Perhaps because these effects are undeniable and substantial, defendants in securities fraud actions increasingly argue that stock declines caused by revelations of integrity issues are not recoverable. The case for denying such recovery was made forcefully in a law review article by Cornell and Rutten in 2009, entitled Collateral Damage and Securities Litigation (“Cornell/Rutten”). The authors defined collateral damage as “the valuation impact of a corrective disclosure that does not correspond to the original inflation.” They explained that, if the original misconduct did not materially affect the company’s bottom line, it could not have inflated the company’s market price at the time of purchase; therefore, “because the original misstatement could not have inflated the stock price in an efficient market, the decline following the corrective disclosure must be due to collateral damage.” They concluded that “while collateral damage can have a material impact on securities prices, declines associated with collateral damage are not, and should not be, recoverable under section 10(b) of the Securities Exchange Act of 1934.”

Presumably this analysis could apply even when the underlying misconduct did have a material effect on the company’s bottom line, but the post-disclosure price drop is viewed as “disproportionate” to the specific financial impact of the fraud. Experts would then be called upon to parse out how much of the post-disclosure price drop was “proportional” and how much represents “collateral damage” caused by the realization that management was incompetent or corrupt.

It is true that, in assessing “loss causation,” a fundamental element of any securities fraud claim, courts have started with the precept that the underlying fraud must have inflated the purchase price of the stock, and that revelation of the fraud removed that inflation, injuring investors. Cornell/ Rutten’s fundamental assumption is that stock price inflation can be caused only by misstatements of financial information, such as revenue or cash flows. They fail to attribute any possible inflation to investors’ mistaken assumption of management integrity, and thus the reliability of statements regarding performance and outlook.
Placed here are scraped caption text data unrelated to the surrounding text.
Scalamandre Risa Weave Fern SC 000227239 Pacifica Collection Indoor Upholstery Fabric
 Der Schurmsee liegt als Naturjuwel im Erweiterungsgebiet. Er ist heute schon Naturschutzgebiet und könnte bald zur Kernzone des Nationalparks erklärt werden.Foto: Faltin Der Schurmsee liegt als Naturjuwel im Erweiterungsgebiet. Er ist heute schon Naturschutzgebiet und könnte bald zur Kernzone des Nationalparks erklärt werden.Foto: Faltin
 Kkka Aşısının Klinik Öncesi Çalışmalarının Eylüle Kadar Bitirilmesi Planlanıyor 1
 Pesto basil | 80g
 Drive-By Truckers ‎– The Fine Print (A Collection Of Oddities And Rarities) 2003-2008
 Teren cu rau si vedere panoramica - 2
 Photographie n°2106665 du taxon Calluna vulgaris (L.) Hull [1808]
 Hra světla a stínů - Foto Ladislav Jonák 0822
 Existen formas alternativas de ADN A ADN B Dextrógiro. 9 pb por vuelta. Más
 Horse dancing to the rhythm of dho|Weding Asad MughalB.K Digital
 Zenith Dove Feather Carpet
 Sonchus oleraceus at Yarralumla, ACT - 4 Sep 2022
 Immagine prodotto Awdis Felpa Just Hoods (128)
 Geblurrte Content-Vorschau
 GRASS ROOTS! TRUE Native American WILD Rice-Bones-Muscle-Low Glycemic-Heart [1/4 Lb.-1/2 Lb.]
But perceptions of competence and integrity are as critical as profits and losses in determining and maintaining the market price of a company’s stock. That is why, when such perceptions are shaken, the market price drops dramatically.

Public policy objectives also support recovery of such reputational losses. As noted by the Second Circuit in Gould v. Winstar Communs, Inc.:

 The argument is one of culpability and foreseeability. When a defendant violates section 10(b) by making a false statement to investors with scienter, the defendant in many cases should be able to foresee that when the falsity is revealed, collateral damage may result. As between the culpable defendant—who could foresee that investors would suffer the collateral damage—and the innocent investors, it would seem entirely appropriate to require the defendant to be the one to bear that loss.

 Thus, when a company makes affirmative misrepresentations concerning its managerial competence and integrity, there can be no doubt that those statements help inflate the market price of its stock. But it is just as true that, in the absence of any representations on this subject, investors should be entitled to assume that management has the basic integrity necessary to guiding a modern public corporation. Just as it is reasonable to recognize that investors are entitled to presume the “integrity of the market” (untainted by fraud), so too should investors be entitled to presume the “integrity of management” (untainted by a propensity to commit fraud). Recovery of such additional “reputational” damages is consistent with policies intended to curb securities fraud.